To state the theorems of Fefferman and Klartag we need a little more notation. Given data n, m, E, f, as well as an error tolerance function $\sigma: E \to {\Bbb R}^+$, let us define the quantity $\|f\|_{(E,\sigma)}$ to be the best constant M such that one can find a function $F \in C^m({\Bbb R}^n)$ with $\|F\|_{C^m({\Bbb R}^n)} \leq M$, which approximates f in the sense that $|F(x)-f(x)| \leq M \sigma(x)$ for all $x \in E$. This quantity $\|f\|_{(E,\sigma)}$ is then a norm on f (for fixed E and $\sigma$), and measures how well one can fit a reasonably smooth function F to the data f with error tolerance $\sigma$. (If one wants to fit F to f perfectly, one can simply set $\sigma = 0$.) If a function F obeys the above properties with an M which is comparable in magnitude to the optimal value $\|f\|_{(E,\sigma)}$, thus $M = O( \|f\|_{(E,\sigma)} )$, then we say that F is an essentially optimal interpolant of f. (Here and in the sequel, all implied constants in the O() notation are allowed to depend on the dimension n and the regularity m, but are uniform in N, E, f, $\sigma$.)

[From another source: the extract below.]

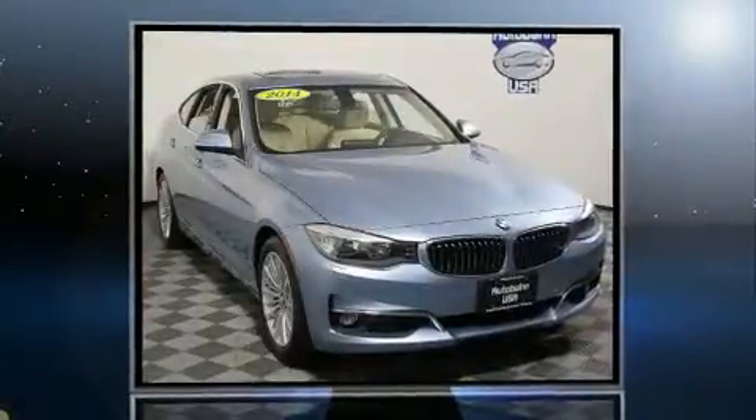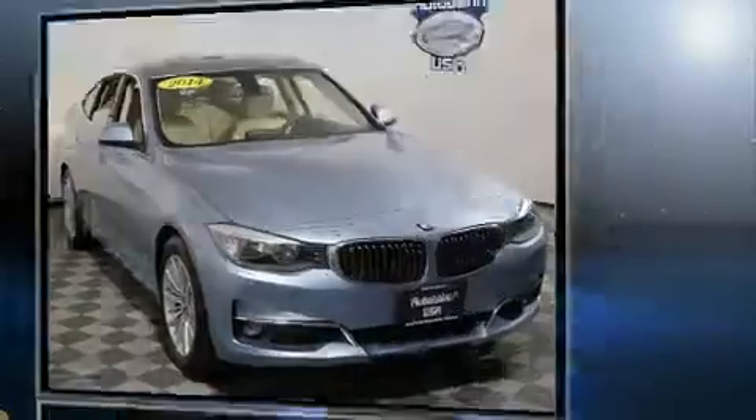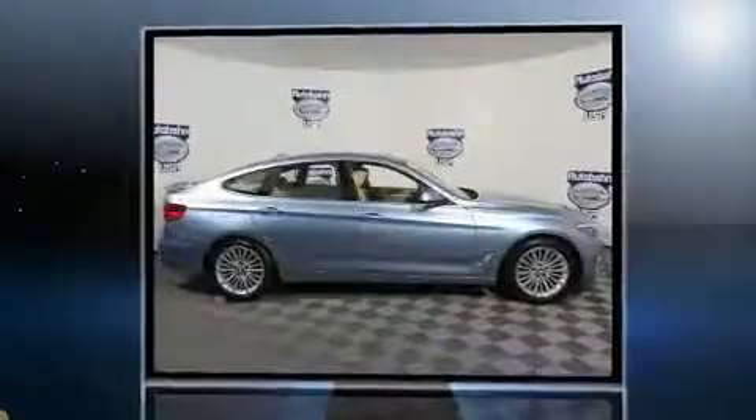Here's a great deal on a 2014 BMW 328i xDrive. Under the hood, you'll find a four-cylinder engine with more than 200 horsepower.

Theorem 1. If n, m are fixed, and E, f, $\sigma$ are given with |E|=N, then one can compute the order of magnitude of $\|f\|_{(E,\sigma)}$ using only $O(N \log N)$ computations and $O(N)$ amount of memory. [More precisely, one can use these computational resources to produce a quantity Y which differs from $\|f\|_{(E,\sigma)}$ by at most a multiplicative constant.]

Theorem 2. With the same setup as Theorem 1, one can compute an essentially optimal function F using only $O(N \log N)$ one-time work, $O(N)$ memory, and $O( \log N )$ query work. Furthermore, for fixed n, m, E, $\sigma$, the map $f \mapsto F$ can be chosen to be linear!

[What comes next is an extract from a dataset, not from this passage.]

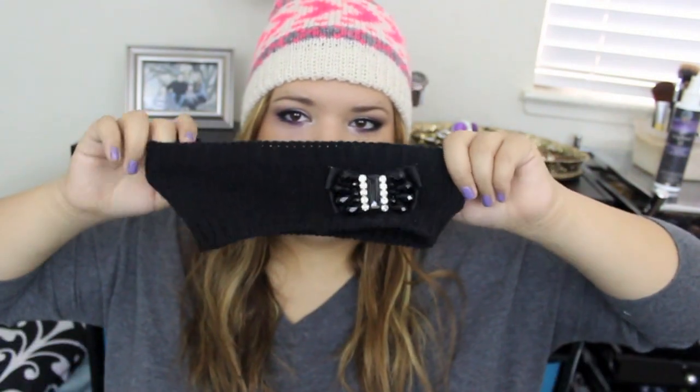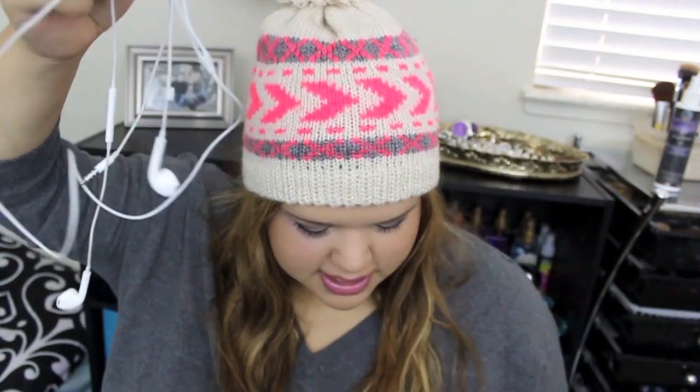The next thing in my bag is a headband from Charming Charlie — I just put it in there because I didn't feel like wearing it. I also have headphones, just the Apple kind.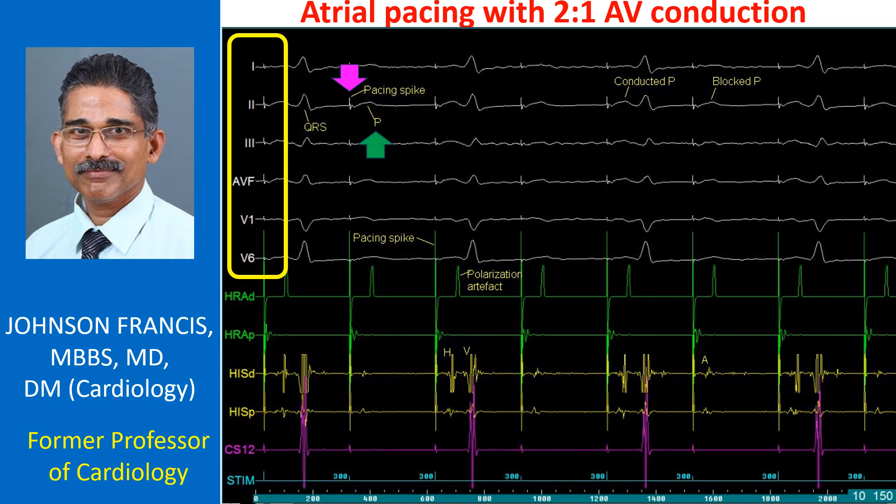The P waves and QRS complexes are marked in lead 2. The width of P waves and QRS complexes are more than usual because the recording speed is much higher for an EP study — usually 100 or 200 mm per second — rather than the 25 mm per second used for standard ECG tracings.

Apart from the factors of $\log N$, these bounds are optimal, as one needs O(N) amount of work and memory merely to read all the data. (From the way we have set up the problem, one cannot hope to obtain any meaningful results by sampling only a small portion of the data.)

Now let us consider the problem of what happens if we are willing to discard k points (say) from E in order to improve the interpolant. To this end, let us define the quantity

$\|f\|_{(E,\sigma,k)} := \inf \{ \|f\|_{(E \backslash S, \sigma)}: S \subset E; |S| \leq k\}$

to denote the quality of the best interpolant one obtains from the data f after being allowed to reject k data points S. The key problem, of course, is to work out which sets S are good to reject; once S is identified, one can use Theorems 1 and 2 to compute the quantity $\|f\|_{(E,\sigma,k)}$, as well as a good interpolant F. Let us say that a set S is an essentially optimal rejection set if we have

$\|f\|_{(E \backslash S, \sigma)} = O( \|f\|_{(E,\sigma,c|S|)} )$

for some constant c > 0 (depending only on n and m); this means that throwing out S gives you about as good a fit as you can hope to accomplish with the remaining data, apart from the fact that you may have thrown out a bit more data (by a multiplicative factor) than you really needed to.

Theorem 3. With the same setup as Theorem 1, one can compute an ordering $\{x_1,\ldots,x_N\}$ of E in $O(N^2 \log N)$ computations and $O( N )$ memory, such that the set $\{x_1,\ldots,x_k\}$ is an essentially optimal rejection set for every $0 \leq k \leq N$.

Basically, this theorem says that there is a polynomial time algorithm to order the data from the most unreliable $x_1$ to the most reliable $x_N$, so that if you are willing to throw out about k points of data to get a good fit with a smooth model, then an essentially optimal way to do this is simply to throw out the k most unreliable points $x_1,\ldots,x_k$. Charlie believes that the $O(N^2 \log N)$ amount of work can be reduced, but this is not yet been established rigorously.

One of the keys to these results is a remarkable reduction of the problem to a local one:

Finiteness theorem. Let n, m, E, $\sigma$ be as before, with E finite. Then there exists a constant C (depending only on n,m) such that

$\|f\|_{(E,\sigma)} \sim \max \{ \|f\|_{(S,\sigma)}: S \subset E, |S| \leq C \}$

for all functions $f: E \to {\Bbb R}$, where $X \sim Y$ means that X and Y are equal up to multiplicative constants (i.e. X = O(Y) and Y = O(X)).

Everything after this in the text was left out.